Generate an ‘improved’ latin hypercube design matrix.

This implementation uses an algorithm with quadratic run time. It is a greedy construction heuristic starting with a randomly chosen point. In each iteration, a number of random candidates is evaluated by a criterion that considers a candidate’s distance to the previously chosen points. The best point according to this criterion is included in the LHD. The concept originally stems from [Beachkofski2002]. The algorithm implemented here was proposed in [Wessing2015].

Parameters:
  • num_points (int) – The number of points to generate.
  • dimension (int) – The dimension of the space.
  • num_candidates (int, optional) – The number of random candidates considered for every point to be added to the LHD.
  • target_value (float, optional) – The distance a candidate should ideally have to the already chosen points of the LHD.
  • dist_matrix_function (callable, optional) – Defines the distance used. Default is Manhattan distance on a torus (maximum distance is num_points - 1, well-suited for edge_lhs()).
Returns:

design – Contains integers corresponding to the bins of a virtual grid.

Return type:

(num_points, dimension) numpy array

References

[Beachkofski2002]Beachkofski, B.; Grandhi, R. (2002). Improved Distributed Hypercube Sampling. American Institute of Aeronautics and Astronautics Paper 1274.
diversipy.hycusampling.has_lhd_property(design_matrix)

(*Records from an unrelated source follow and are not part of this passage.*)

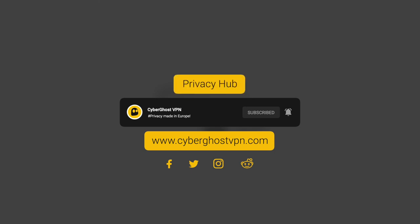Or hop on over to the Privacy Hub, our educational initiative, to learn more about the world of cybersecurity.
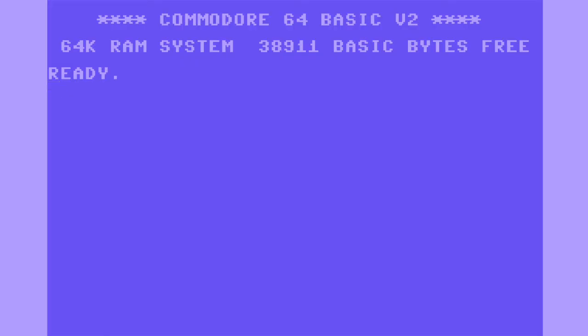Okay, this is how to work with Commodore 64 disk drives on device 8 using VICE 3.3.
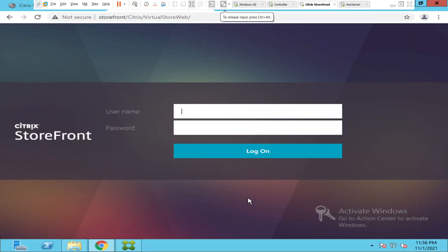Hi everyone. In this video I would like to show how users can change their own password or reset the password using StoreFront console.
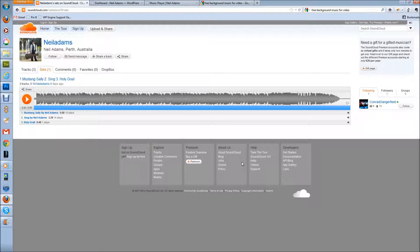Hey guys and welcome to another Florence Road training session. My name's Dave and I'm going to be taking you through our admiration for SoundCloud and how you can put a SoundCloud music player on your website very, very simply.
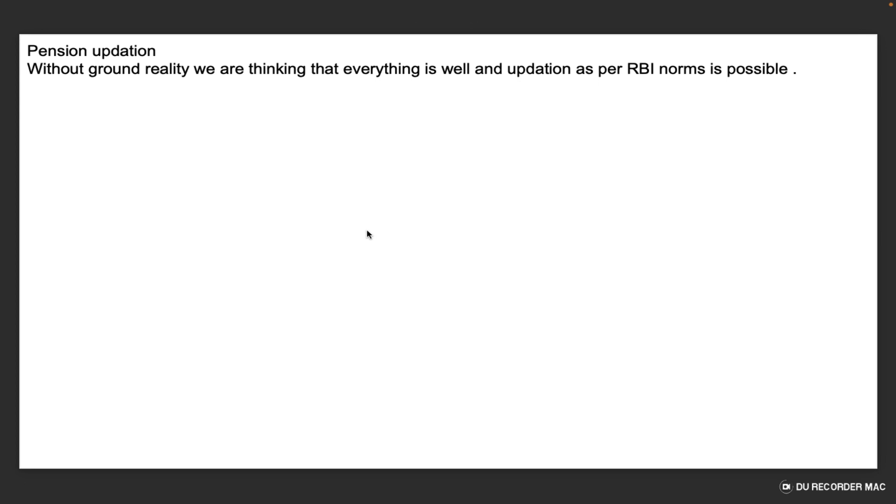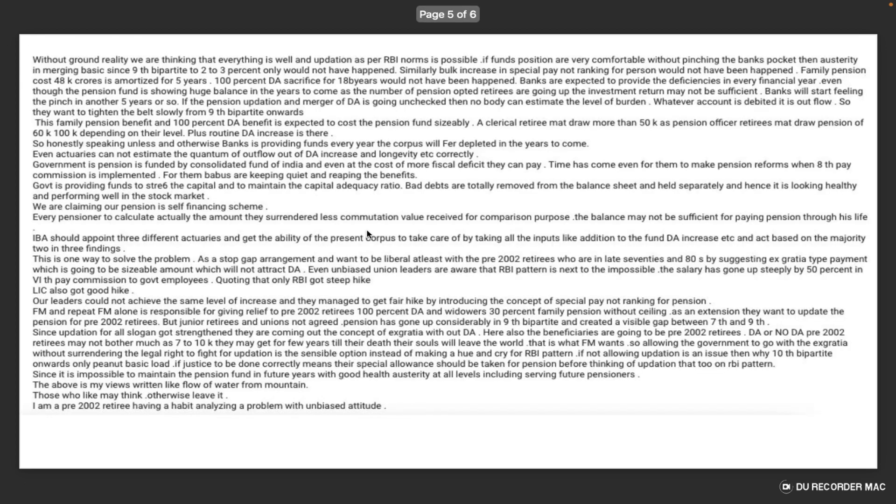Pension updation - without ground reality, we are thinking that everything is well and updation as per RBI norms is possible. But our UAPU has never been able to do updation as per RBI norms.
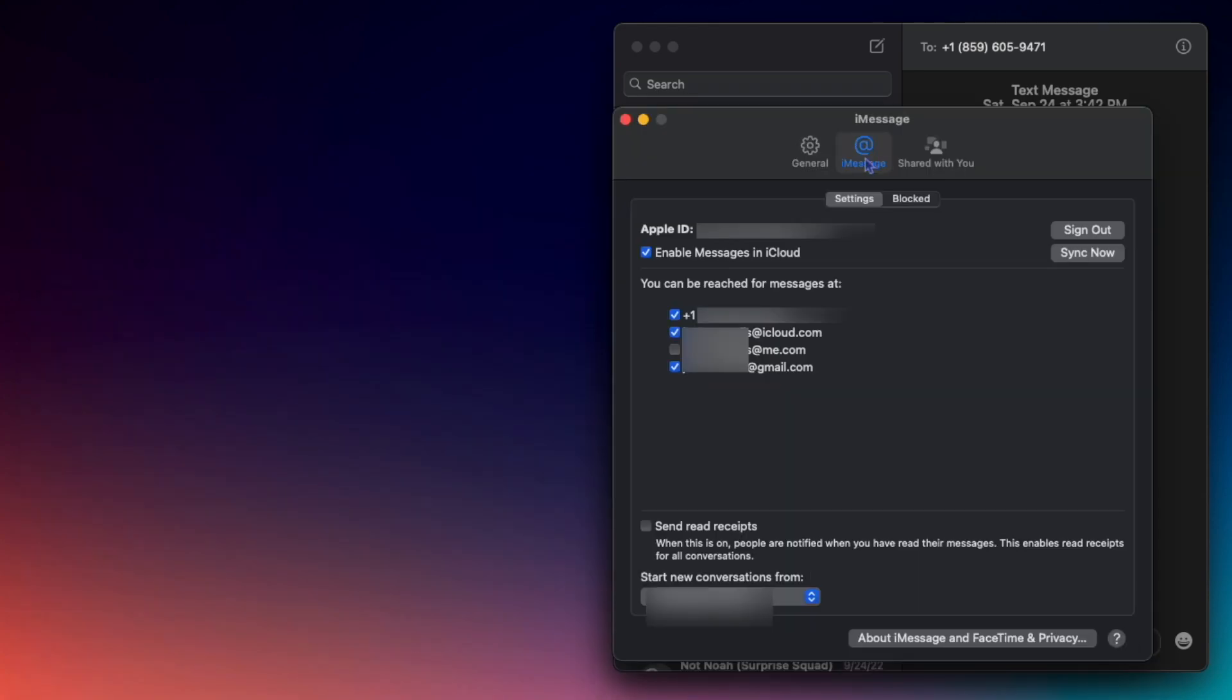Next is the iMessage section. Here you can sign out of your iMessage account. You can choose to enable Messages in iCloud, which syncs your entire chat history to the cloud on all of your devices.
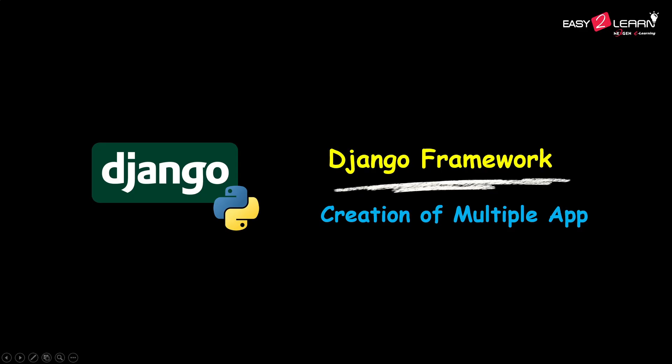Hey everyone, welcome back to Easy to Learn Django tutorial. Today I will show you how to create another app inside an existing Django project and set up URL in a single centralized urls.py file. If you are excited to level up your Django skills, make sure to like this video and subscribe for more tutorials.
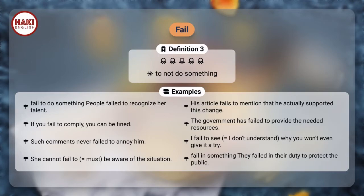Such comments never fail to annoy him. I fail to see — equals I don't understand — why you won't even give it a try. She cannot fail to — equals must — be aware of the situation. Fail in something: They failed in their duty to protect the public.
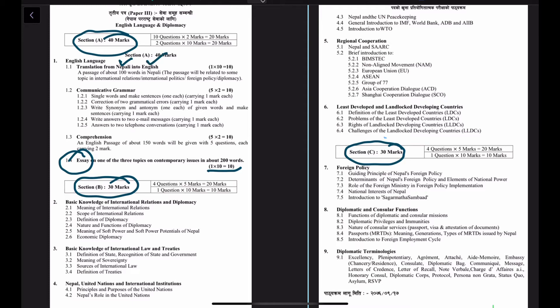The translation section requires translating text from Nepali to English. The Nepali text will be around 100 words and will be related to the topics of international relations, international politics, foreign policy, and diplomacy. You can expect a Nepali text in relation to the syllabus shown here.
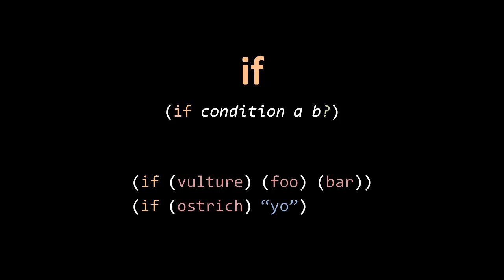In the bottom example, we call the function ostrich, and if it returns true, then the if returns the value of the string yo. Otherwise, it will return the value nil, because that's what the default is. We don't have an expression b, so we just return nil.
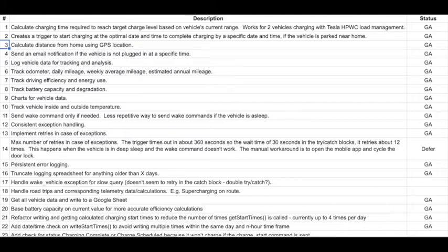And part of figuring out whether it was at home, I had to calculate the distance using the GPS location the car had, and I have to figure out how to do it. So that was a little bit of a journey.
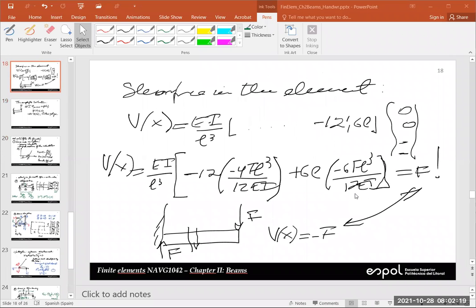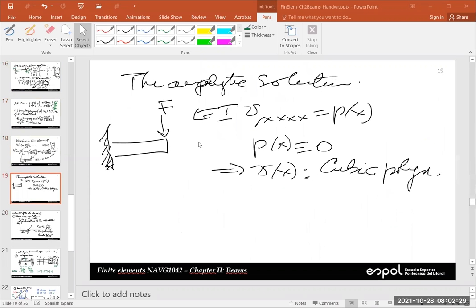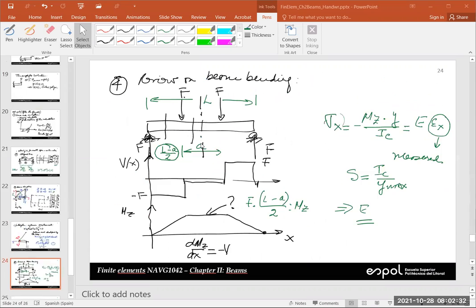We have worked with systems like this one here, for example. I have one beam, and this beam is aligned. This example that we did in class — there is one single direction. Now, what happens when we have different directions? We're going to follow a procedure which is similar to the one that we employed in Chapter 1.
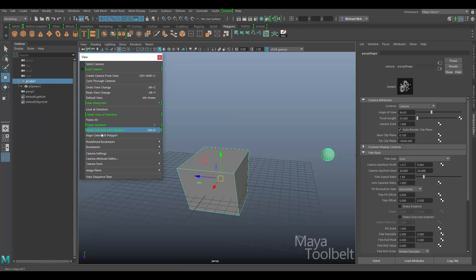Some of those things are pretty interesting, especially aligning your camera to a polygon — that can be very useful when modeling. Hopefully you learned a little bit about the view menu. I think we're going to start looking at the Hypershade pretty soon — something I haven't touched on much on the channel. We'll look at materials, how they work, and might even look at Arnold, the new renderer introduced in Maya 2017. Hope you enjoyed the video — please feel free to comment, subscribe, and let me know if you have any questions or suggestions for future videos. Thanks for watching.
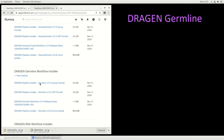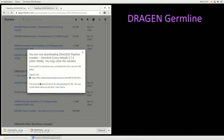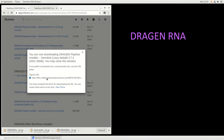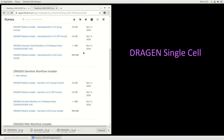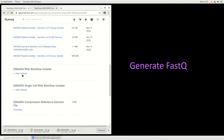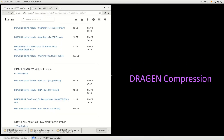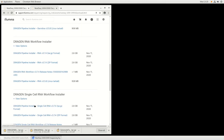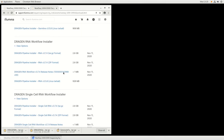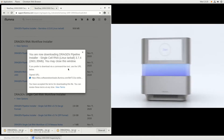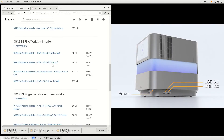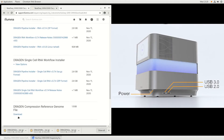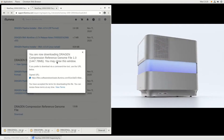Repeat the preceding steps until Dragon Germline, Dragon RNA, Dragon Single Cell, GenerateFastQ, and the Dragon Compression file are all downloaded. If the files were downloaded on a separate PC, copy the files to an external hard drive and plug the drive into a USB port located on both the side and back of the instrument.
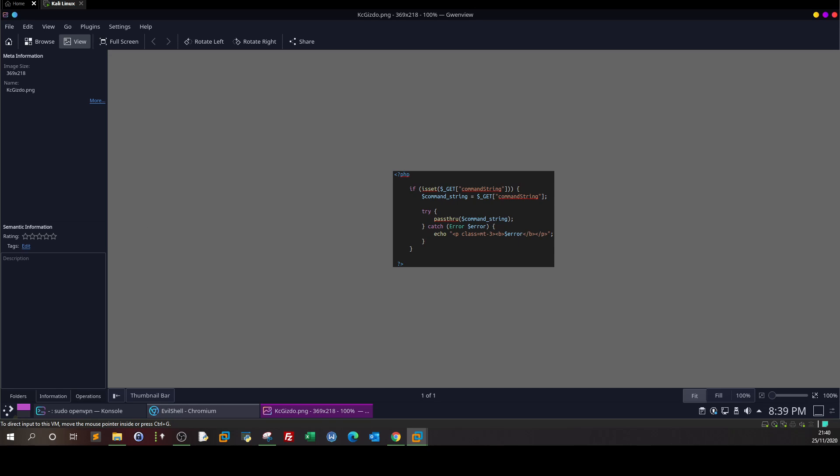So this is sort of command injection since there is no validation for the command string. And instead of pass through, sometimes some developers use eval, which is a function, or some developers use exec or shell exec that executes everything the user types. So basically, this is the kind of vulnerable code.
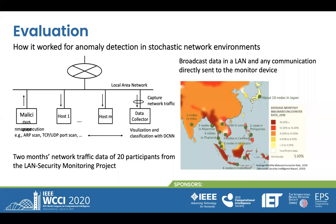In this research, we adopted experiment data from 20 participants' local area networks in the line security monitoring project we conducted before. In this project, a smart device was developed based on a Raspberry Pi. This device is connected to a line port of the switching hub or router for collecting network traffic data in a LAN. These data are then compressed and transferred to a central server for anomaly detection. The collected network traffic data include all broadcast traffic in a LAN, collected in the format of PCAP files.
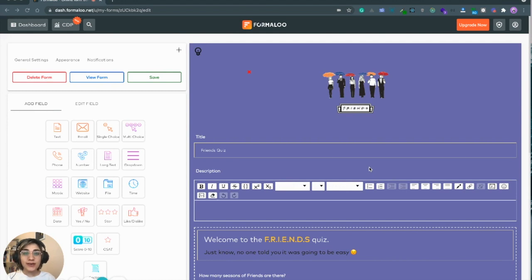Hello everyone, I'm Bahar from Formalu team and today I'm going to show you how to add calculation to your forms from scratch.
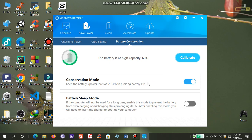I also recommend that you do not use other tools like accelerate and clean, because they will interfere with the registry of your computer or your Windows. So use only One Key Optimizer for battery calibration process and nothing else.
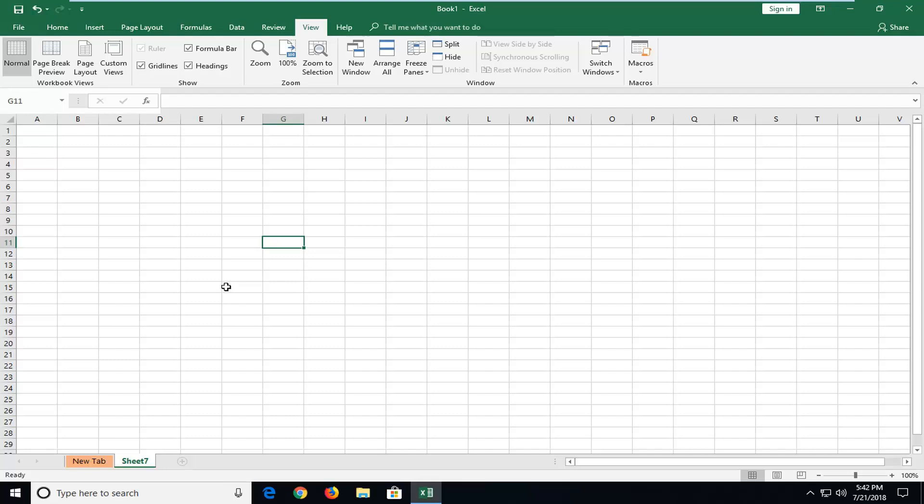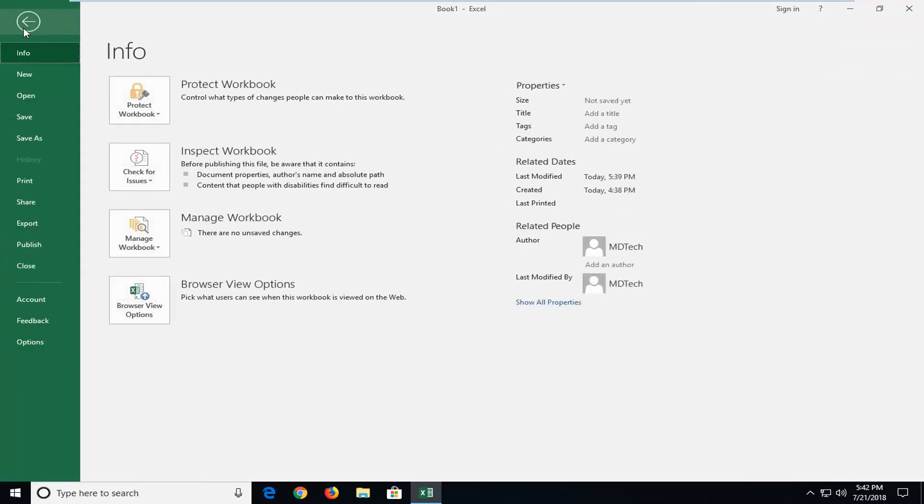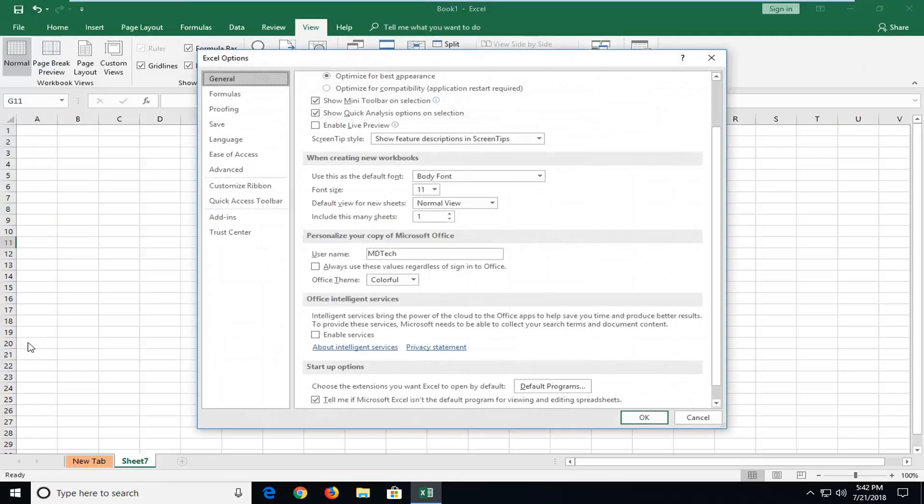This should hopefully be a pretty straightforward tutorial and without further ado, let's jump into it. So we're going to begin by left-clicking on the file tab at the top one time, and then you want to go down and left-click on Options at the bottom.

Check if design matrix has the LHD property.

It is assumed that counting starts from zero and points are arranged row-wise. So, each column must consist of a permutation of range(num_points).

Parameters:design_matrix (array_like) – 2-D array of integer coordinates.
Returns:is_lhd
Return type:bool
diversipy.hycusampling.perturbed_lhs(design_matrix)

Transform a design matrix into a sample in the unit hypercube.

Applies random perturbations so that each point is distributed randomly uniform in its grid cell. This is the variant proposed by [McKay1979]. It is not checked if design_matrix actually is a LHD.

Parameters:design_matrix (array_like) – Array containing integers to indicate the bins occupied by each point.
Returns:points
Return type:(num_points, dimension) numpy array
diversipy.hycusampling.centered_lhs(design_matrix)

Transform a design matrix into a sample in the unit hypercube.

Each point is placed at the centroid of a subcell in the assumed grid over the cube. It is not checked if design_matrix actually is a LHD.

Parameters:design_matrix (array_like) – Array containing integers to indicate the bins occupied by each point.
Returns:points
Return type:(num_points, dimension) numpy array
diversipy.hycusampling.edge_lhs(design_matrix)

Transform a design matrix into a sample in the unit hypercube.

The transformation is so that each face of the hypercube is sampled by exactly one point. Use this transformation if you want to maximize the minimal distance between points in the design. It is not checked if design_matrix actually is a LHD.

Parameters:design_matrix (array_like) – Array containing integers to indicate the bins occupied by each point.
Returns:points
Return type:(num_points, dimension) numpy array

Helper functions

diversipy.hycusampling.unitcube(dimension)

Shortcut to generate a tuple of bounds of the unit hypercube.

diversipy.hycusampling.scaled(points, from_cuboid, to_cuboid)

Linear transformation between arbitrary cuboids.

This function does not check if the points are actually inside from_cuboid.

Parameters:
  • points (array_like) – 2-D array of points.
  • from_cuboid (tuple) – Contains lower and upper boundaries.
  • to_cuboid (tuple) – Contains lower and upper boundaries.
Returns:

scaled_points – A new array containing the scaled points.

Return type:

numpy array